Among the entries below, one stretch runs from the line that contains "Sarcopenia e anziani: nessun" through the line that contains "Dieses Bild zeigt". Repeat that stretch exactly, ends included, and only that.

** Input records follows **

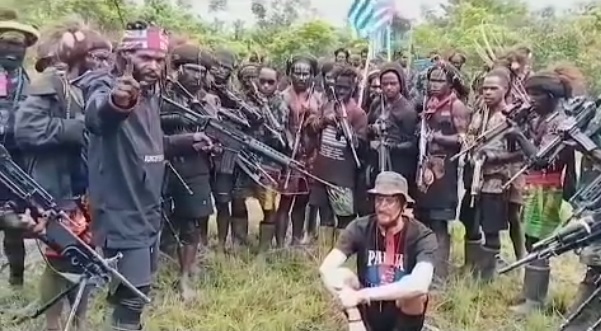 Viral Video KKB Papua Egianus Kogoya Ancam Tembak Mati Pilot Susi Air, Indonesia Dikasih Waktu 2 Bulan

** End of Input records **
** Input records follows **

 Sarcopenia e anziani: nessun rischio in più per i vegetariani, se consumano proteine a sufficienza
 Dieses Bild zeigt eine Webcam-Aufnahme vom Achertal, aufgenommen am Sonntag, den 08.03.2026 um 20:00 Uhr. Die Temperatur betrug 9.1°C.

** End of Input records **
** Input records follows **

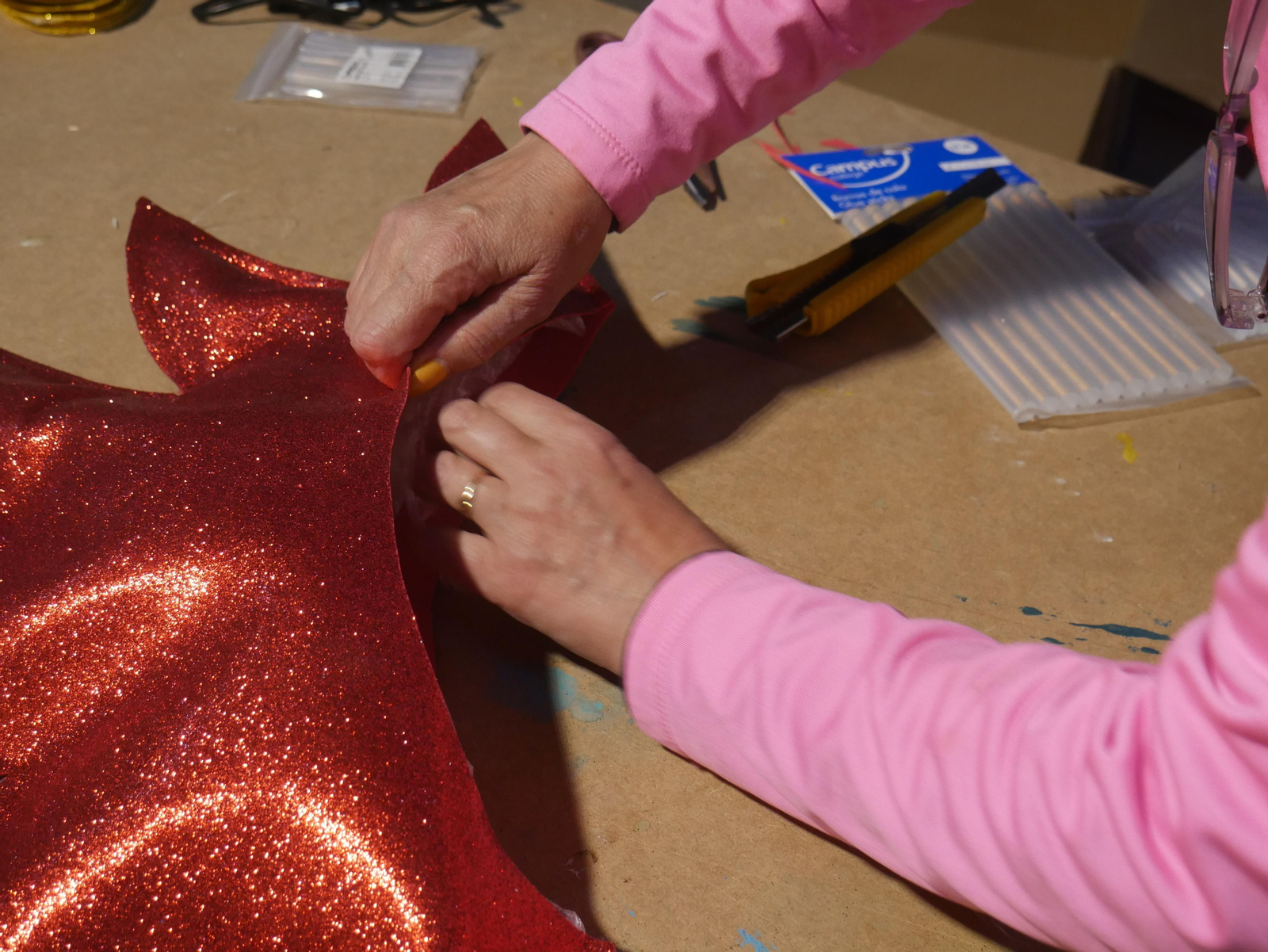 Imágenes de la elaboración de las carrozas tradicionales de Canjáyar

** End of Input records **

> **Answer below**:
 Sarcopenia e anziani: nessun rischio in più per i vegetariani, se consumano proteine a sufficienza
 Dieses Bild zeigt eine Webcam-Aufnahme vom Achertal, aufgenommen am Sonntag, den 08.03.2026 um 20:00 Uhr. Die Temperatur betrug 9.1°C.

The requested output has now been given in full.